Что мы имеем сегодня на родных подмостках, если попытаться обозреть всю картину с самого верхнего яруса? Труп классики – новаторски осквернённый или же талантливо гальванизированный? Импортную комедию, очень смешную, но намертво забываемую уже на уровне гардероба? Череду бодрых и разудалых капустников? А если и промелькнёт среди них современная русская драма, то посвящена она будет в девяноста случаях из ста будням обитателей городской помойки, которые, матерясь, мечутся между промискуитетом, вечностью и наркотой.
При всём при том, что есть у нас, конечно, и настоящие, честные пьесы, и блестящие режиссёрские работы, но в целом российский театр совершил предательство по отношению к своему главному – во все былые времена – объекту, субъекту и действующему лицу. К современному живому человеку. Непостижимо, но театр словно и не заметил жуткую социально-нравственную катастрофу, потрясшую Россию в 90-е, прошёл мимо неё, точно сытый банковский клерк мимо побирающегося ветерана. Это нежелание признавать центральный конфликт эпохи – между обманувшими и обманутыми – фантастически нетипично для нашего театра. Всегда – и при самодержавном присмотре, и в самые подцензурные советские годы реальные, а не фантомные боли общества всё же прорывались на подмостки. А ныне…

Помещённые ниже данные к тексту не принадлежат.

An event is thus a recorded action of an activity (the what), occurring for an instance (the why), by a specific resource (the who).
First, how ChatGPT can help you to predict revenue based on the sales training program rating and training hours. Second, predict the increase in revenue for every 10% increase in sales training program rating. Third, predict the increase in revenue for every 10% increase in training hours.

Мину брезгливого равнодушия к реальности, въевшуюся в лицо отечественной Мельпомены, нельзя прикрыть никакими «золотыми масками», канонизировать никакими госпремиями и «триумфами». А самое грустное заключается в том, что произошло всё это в годы, когда власть в кои-то веки дала российскому театру «вольную». Может, именно в этом суть проблемы? Может, именно благодаря внезапно свалившейся полнейшей свободе высказывания не появляются на афишах имена, которые хоть в малой степени могут претендовать на звание «нового Островского», «новых Чехова с Горьким» или хотя бы даже «нового Гельмана».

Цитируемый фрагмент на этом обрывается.